The following diagram describes how components communicate with each other.

                                                                                                                                           
   -------------       ---------------------       ------------------------      *************************************
   | GPU Patch |  <->  | Profiling Runtime |  <->  | Measurement Analysis |  ->  ** Program Analyzer and Aggregator **  ->  Performance Reports
   -------------       ---------------------       ------------------------      *************************************
                                                            |                                                                   /|\
                                                            |--------------------------------------------------------------------|

HPCToolkit (Profiling Runtime)

HPCToolkit is a powerful profiling tool that measures application performance on the world’s largest supercomputers. GVProf customizes HPCToolkit and uses it as the default profiling runtime. Currently, we are developing on HPCToolkit’s sanitizer branch.

Redshow

Redshow is a postmortem metrics analysis substrate.

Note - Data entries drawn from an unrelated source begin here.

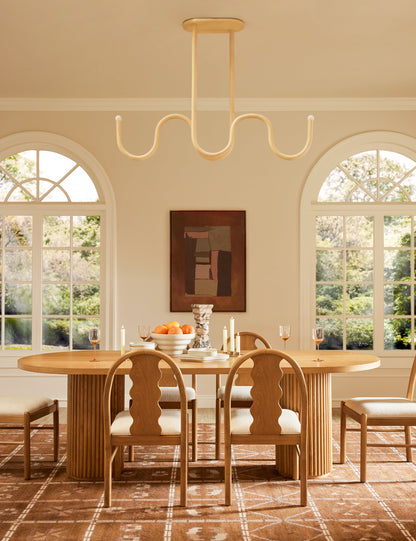 Noor Linear Chandelier dining room light in a styled room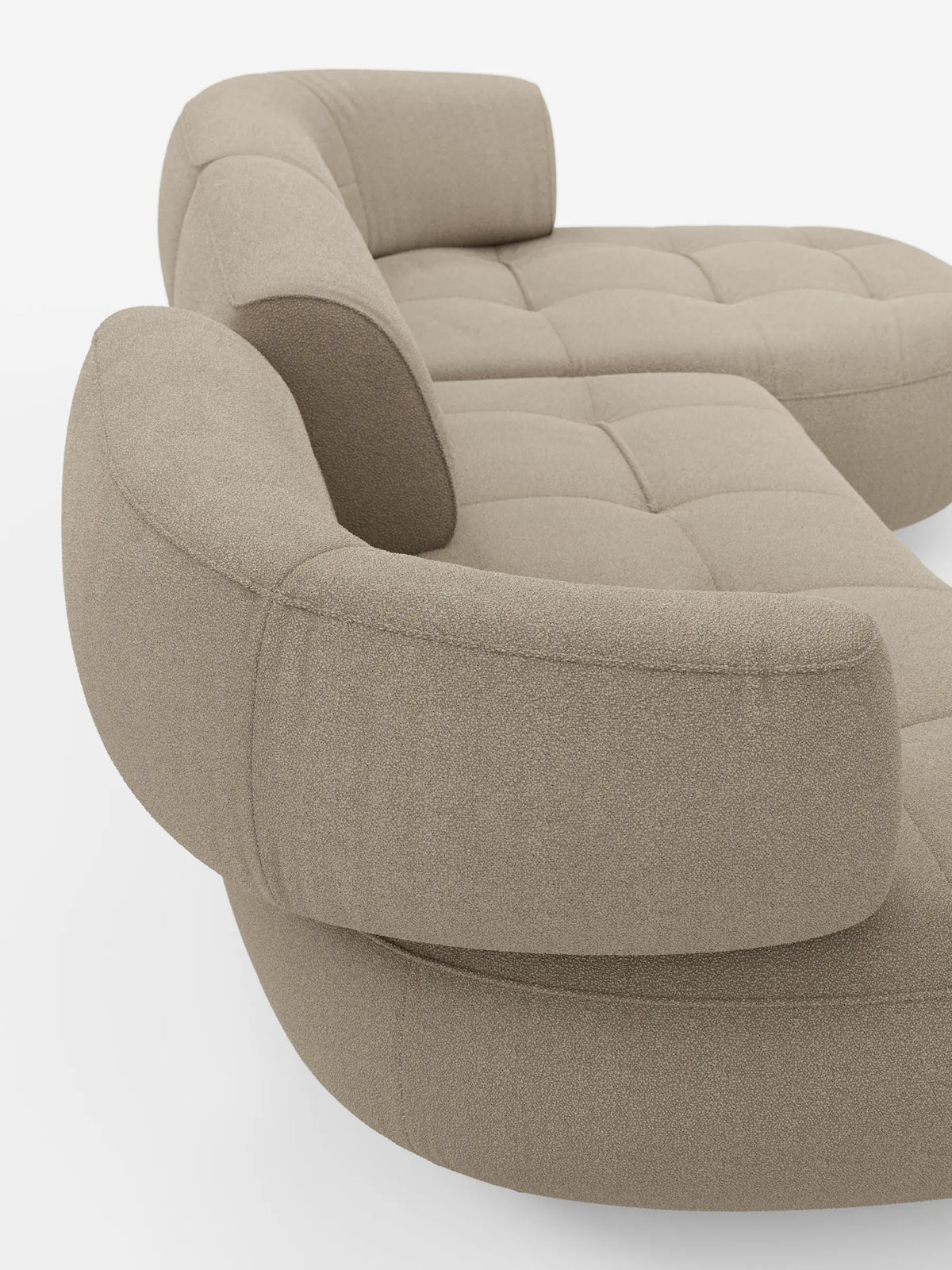 Un divano angolare Croissant dalla forma ricurva a fagiolo, con schienali scorrevoli in morbido tessuto smacchiabile T33 effetto cotone color beige testurizzato, caratterizzato da schienali arrotondati e cuscini trapuntati su sfondo bianco.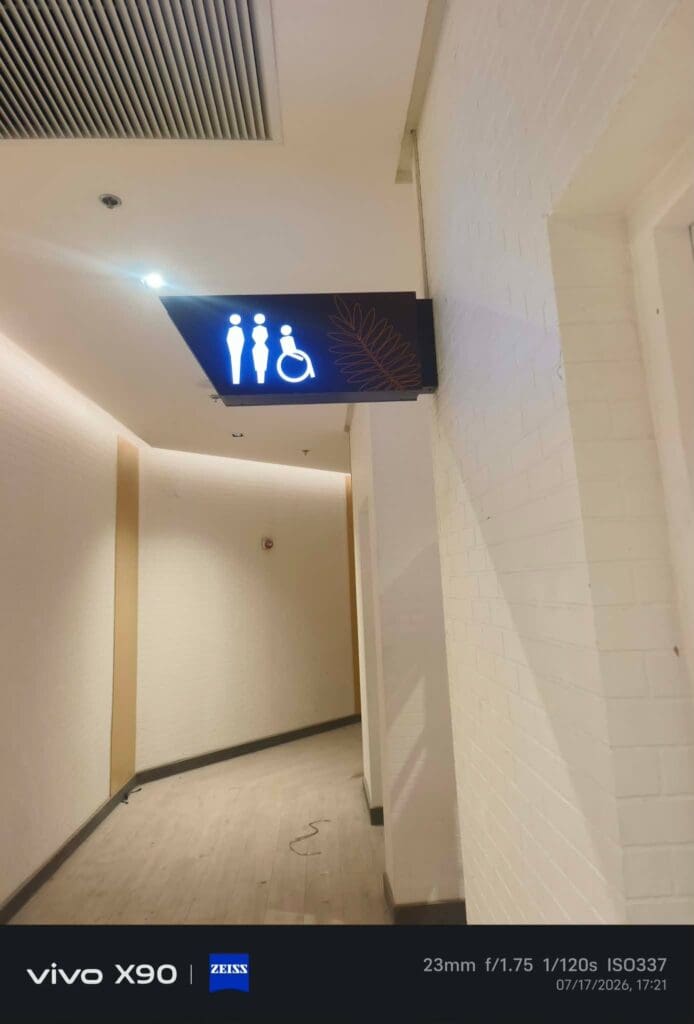 Indoor wayfinding restroom signage for men, women, and people with disabilities mounted on a white brick wall under a ceiling vent in Metro Manila, sign maker Philippines by M&G Global Ads.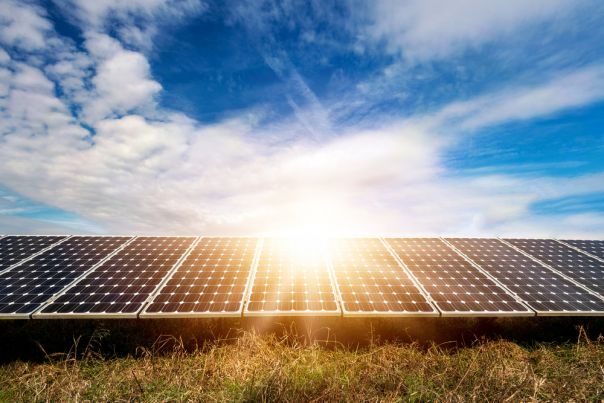 A photovoltaic solar panel in a field with blue sky 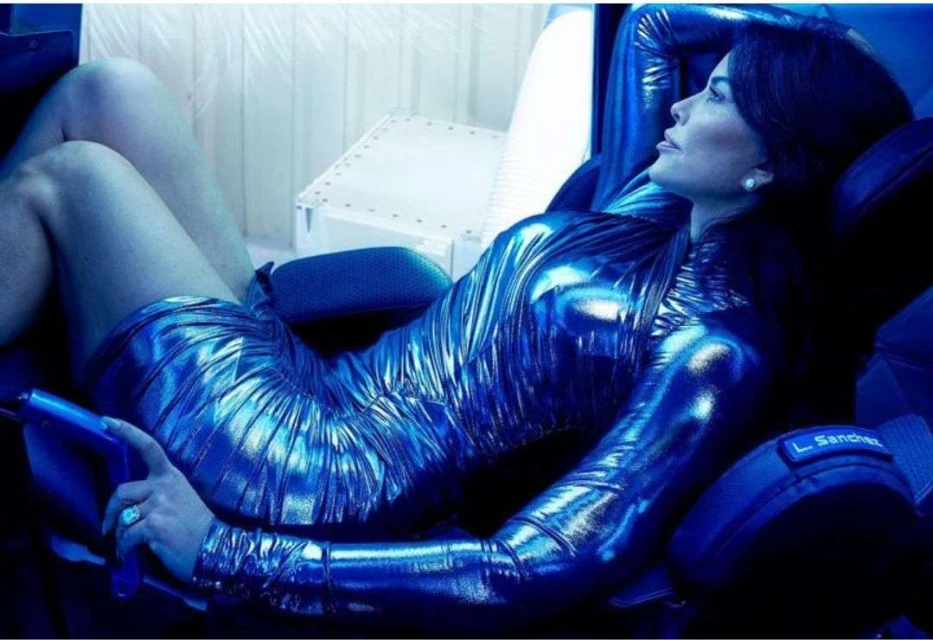 Adult woman reclines in a futuristic chair wearing a shiny blue dress. Blue lighting dominates the scene. The setting appears to be indoors.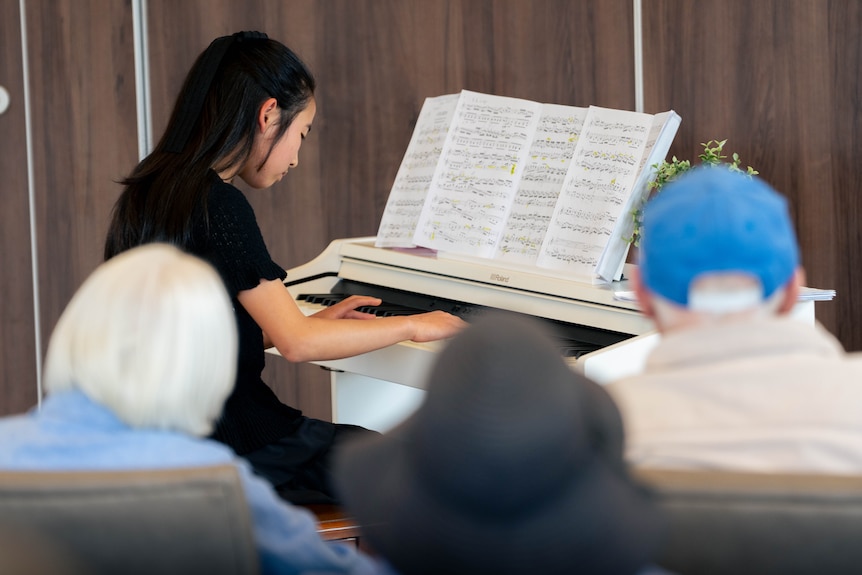 Min, in a black dress, performs a piano piece on a white piano of aged care residents.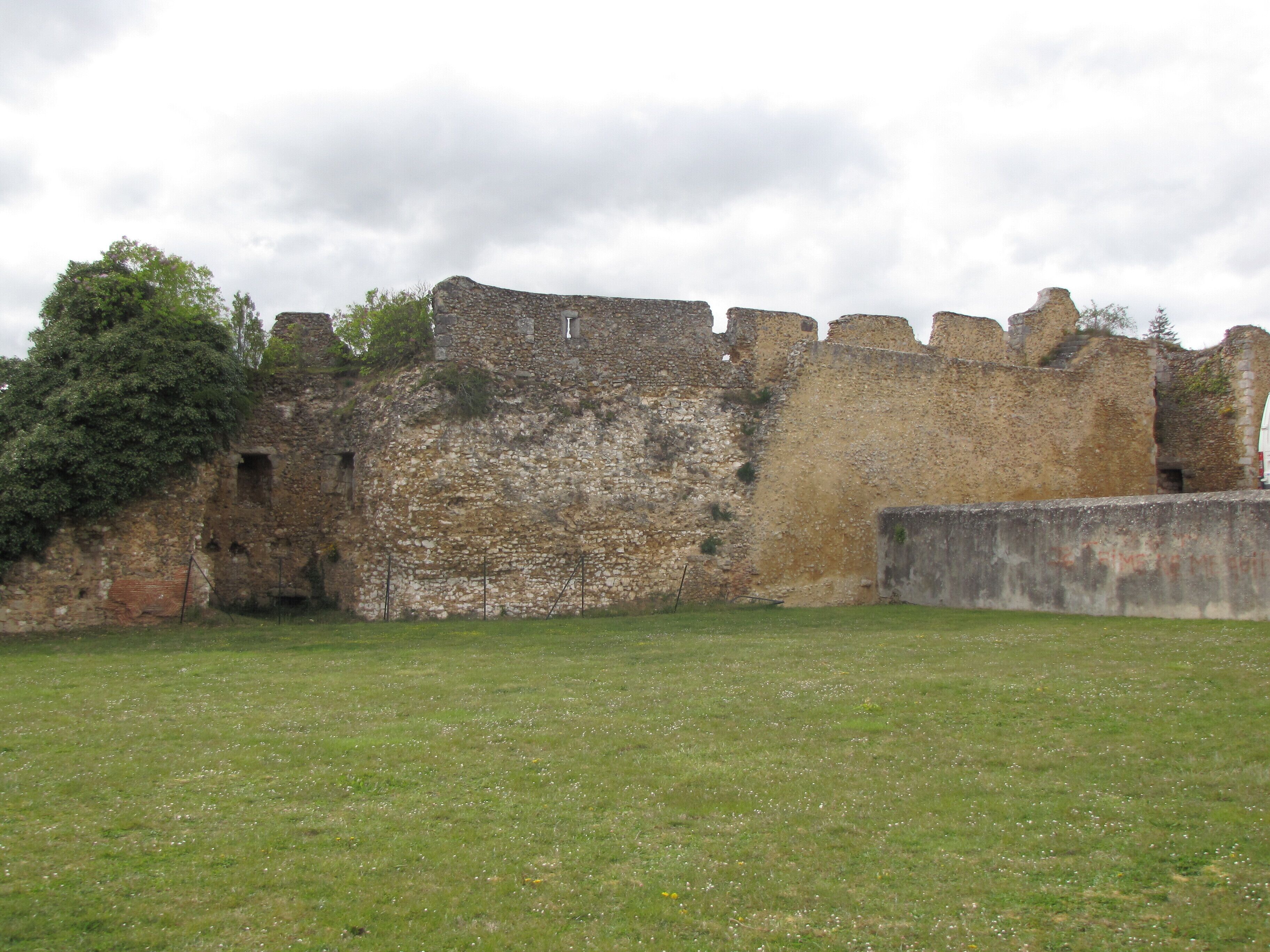 Looking north-west from the center of the panorama place at the château-haut, we see part of the west battlements of the castle. These remnants of fortifications include here two towers and their curtain wall, with part of the chemin de ronde and some crenels. The red gate leading downtown is immediately after the tower on the right The tower on the left still shows the holes in which were set the beams supporting a floor. Their height, or lack thereof, tells that the actual ground of the inner courtyard was quite a way deeper than it is now. On the left hand-side of the same tower, the wall shows some brickwork that tells of a door, now walled-in and nearly buried.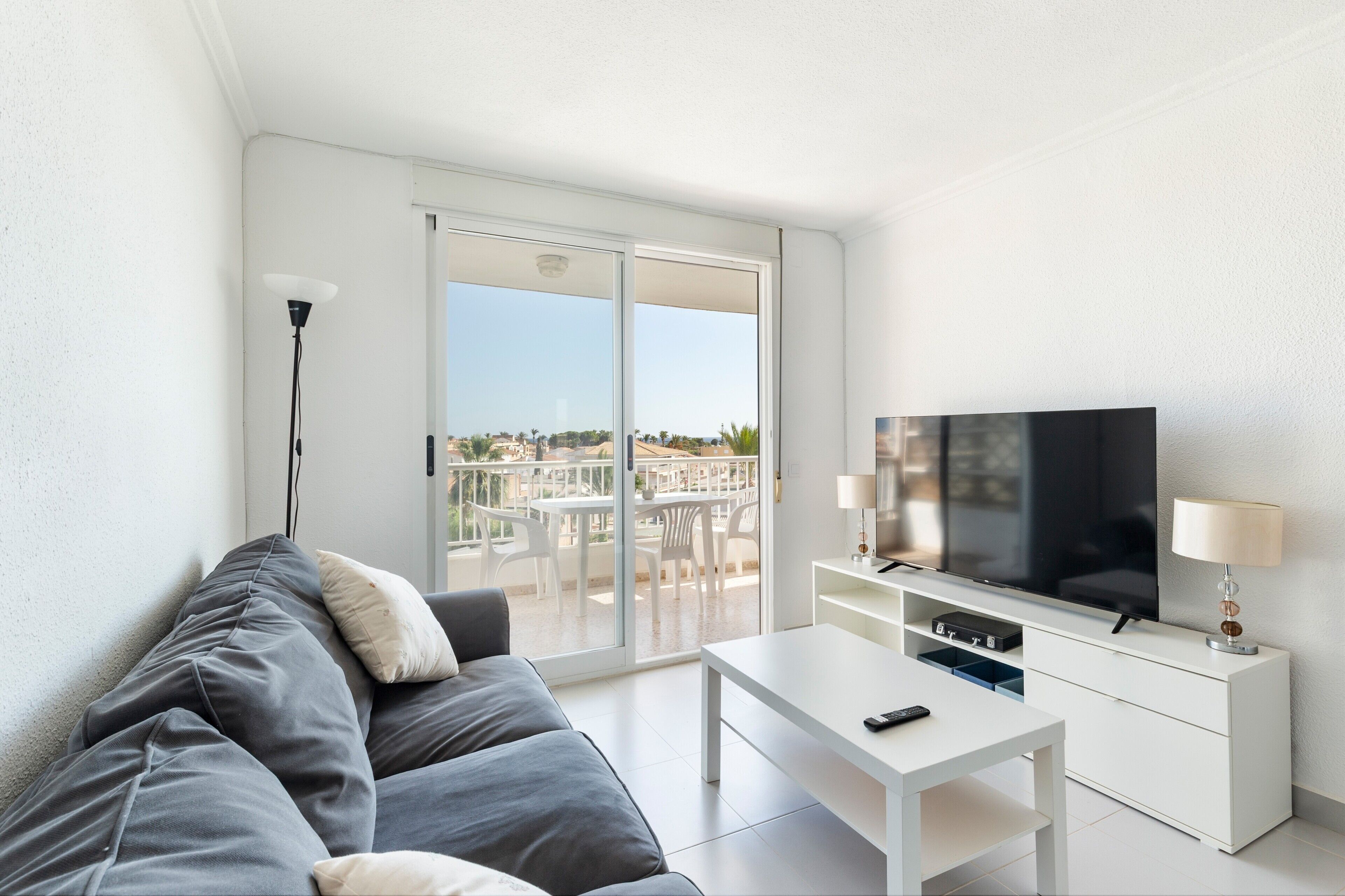 Un salon moderne avec un canapé gris, une table basse blanche, un téléviseur posé sur un meuble blanc et un balcon aménagé avec du mobilier d’extérieur.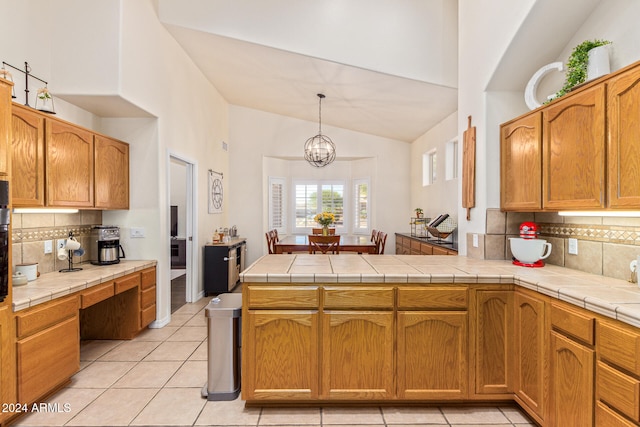 kitchen with tile countertops, pendant lighting, kitchen peninsula, and light tile patterned flooring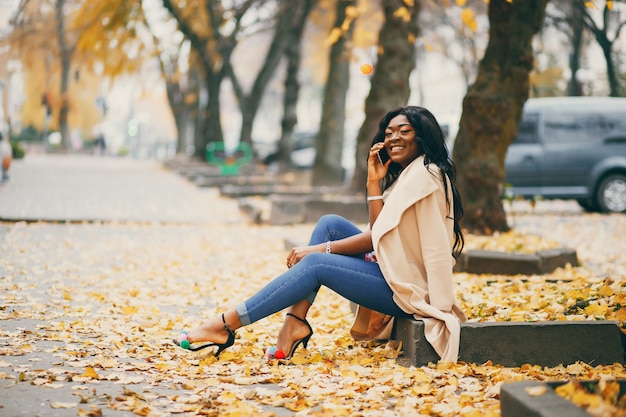 Femme Noire Assise Dans Une Ville D'automne  Photo Gratuite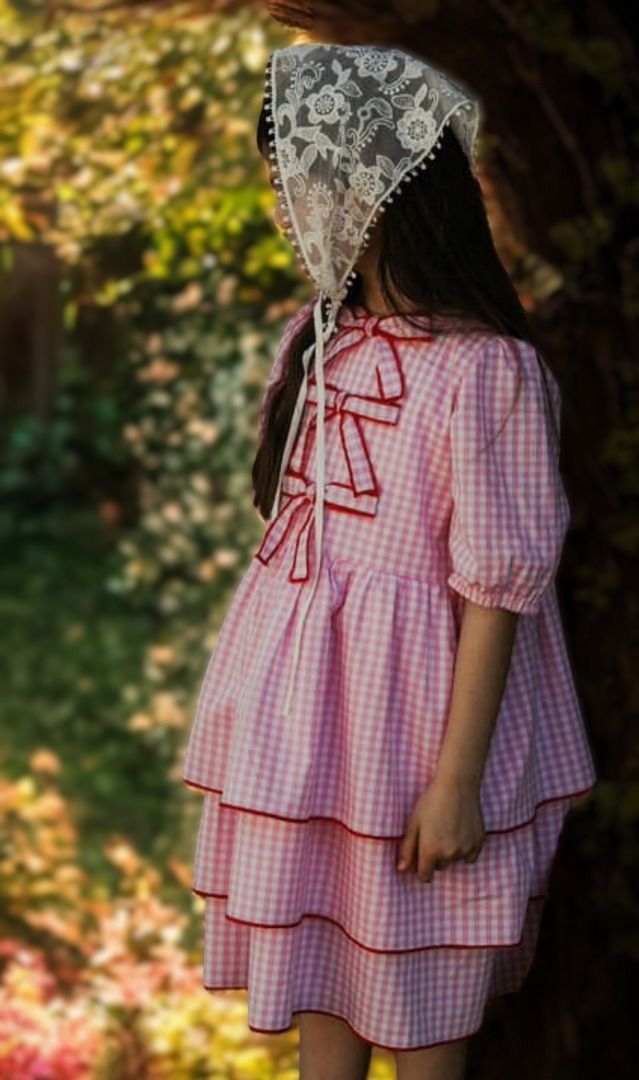 Różowa sukienka w kratkę dla dziewczynki z falbanami i kokardkami, idealna na letnie przyjęcia.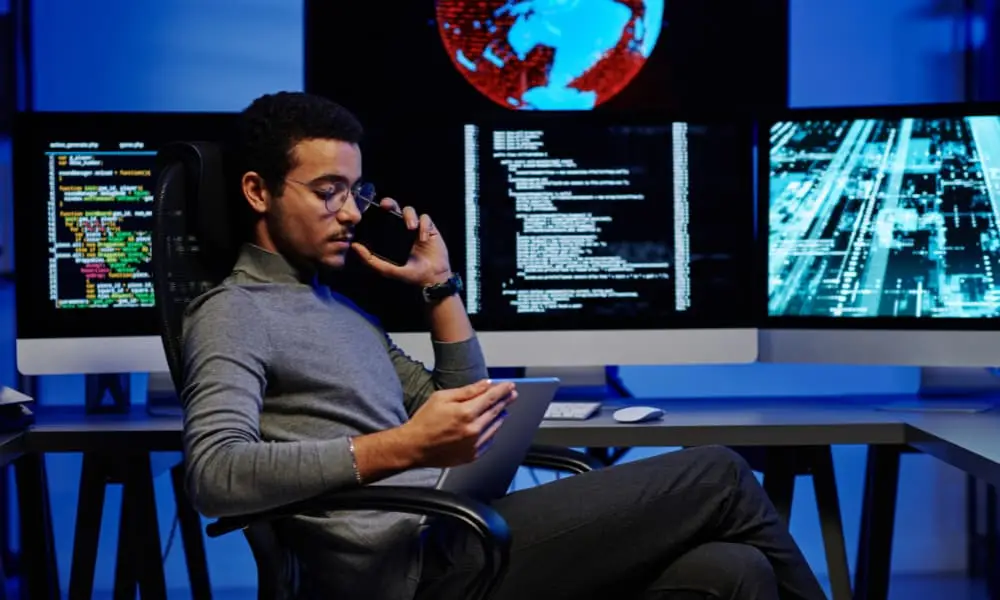 Man holding a phone and looking at a tablet for proactive IT management.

It receives data from the profiling runtime, performs analysis enabled by the user, and store the analysis result onto the disk. Besides, redshow maintains the information of data objects allocated at runtime. Redshow also contains binary analysis modules to map virtual addresses to function index and symbol names and analyze GPU instruction characteristics.

GPU Patch

GPU Patch includes several implementation of instrumentation callbacks and a GPU-CPU communication system. It can collect GPU memory metrics, block enter/exit records, and GPU call/ret records (under development). The collected data are stored on a GPU buffer. The profiling runtime observes a signal once the GPU buffer is full and copies data from the GPU to the CPU.

Program Analyzer and Aggregator

Some high level performance metrics are output to performance reports directly. Low level detailed performance metrics are associated with individual functions and lines. Therefore, we analyze program structure to attribute these metrics. Moreover, when analyzing application running on multiple nodes, we can aggregate performance data together to compute overall metrics that represent the entire execution.